I remember the moment as if it were yesterday.  I was eight years old and in the third grade at Heard Elementary School in Macon, Georgia.  The beginning of a new school year.  The beginning of a new school day.  The beginning of a humiliating experience.

“Neal,” the teacher called out, “Please stand up.”  I obeyed.  “Didn’t you do something wrong this morning while you were getting ready for school?”

I froze in fear and frantically began to try to discover what she might be talking about so I could sit down.

“Young man, walk slowly to the front of the room, please.”  I started the long trek up to the front.  “Now, class, can you help Neal figure out what he did wrong this morning?”

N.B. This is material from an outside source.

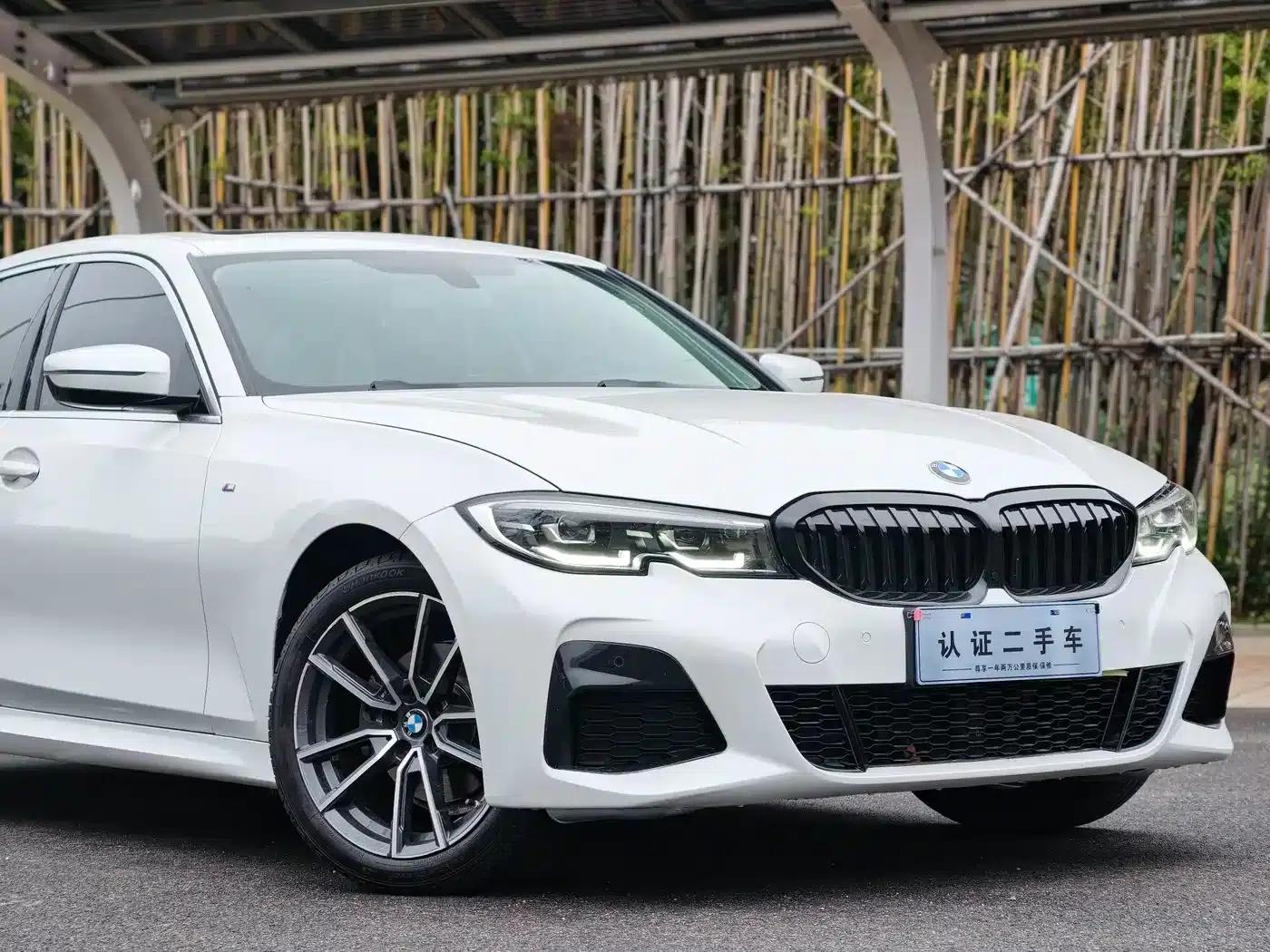 2022 BMW 3 Series 320Li M Sport Package — миниатюра 3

The other students were so glad that they weren’t me that they relaxed, then a few started to giggle.

“I know!  I know!” big-mouthed Mary Beth shouted.  “It’s his shoes!”  And she was right: As I looked down, I realized that I had my new black and white saddle oxfords on the wrong feet!  The shoes were pointing in the opposite directions.  For a very shy eight-year-old, how embarrassing.  And how I despised that teacher for destroying my sense of safety in her classroom.  I never thought of her the same again.

Just a few doors down the hall in the domain of Heard’s drama department lived Mrs. Ligdon.  Oh what a different species of teacher she was.  I remember just as clearly as the shoes episode my first feeble attempt at acting.  And why?  Because I was the STAR of the third grade play.  My mother made my little hispanic costume, and I performed with a small group The Mexican Hat Dance.

As I stood in the auditorium’s wings, nervously awaiting the play’s opening, Mrs. Ligdon came up to me, leaned over and whispered, “Neal, you really are a star!  And your sombrero looks spectacular!  You were chosen for this part because you are the very best actor and dancer for it.  NOBODY could take your place.”

I felt special, and I performed, well, spectacularly–at least that’s what Mrs. Ligdon said.  And I believed her!  It wasn’t until several years later when my little brother was in one of Mrs. Ligdon’s plays that I discovered the secret to her success as a teacher and a motivator.  Mrs. Ligdon somehow made every student that she worked with feel as if he or she were the star.

Two very different teachers.  One little boy.  Two very different learning and living experiences

Psychologists tell us that we all need the Three A’s in order to live happy lives:  Acceptance, Affection and Approval.  I believe they’re right.  We thrive off of encouragement.  And the clearest illustration of encouragement (and its opposite) I’ve ever seen is in the metaphor of “Balcony People” and “Basement People.”

Balcony people are those folks in your life who encourage you, lift you up, give of themselves to you in some way.  They make you feel valuable and important.  They climb the steps up into your balcony, lean over the railing, gaze back down at you as you struggle through life and yell, “You can make it!  Keep going!”  I love running (okay jogging) (okay maybe fast walking) 5 and 10K roadraces, especially when people along the race route scream, “Hey, Number 784, you’re looking good!  Keep it up!”  (Perhaps not so much when they yell, “But maybe next time you can join the adults instead of the Kiddie Run.  Still looking good though!”)

A second category of people do just the opposite.  Basement people trudge down the steps into your basement, where it’s dark and dank and maybe a bit depressing…and they try to pull you down with them.  They ain’t fun to hang with.

We all have balconies, and we all have basements.  And we’ve all probably been up in other people’s balconies and down in their basements.

More about this later.  For right now, stay outta my basement please!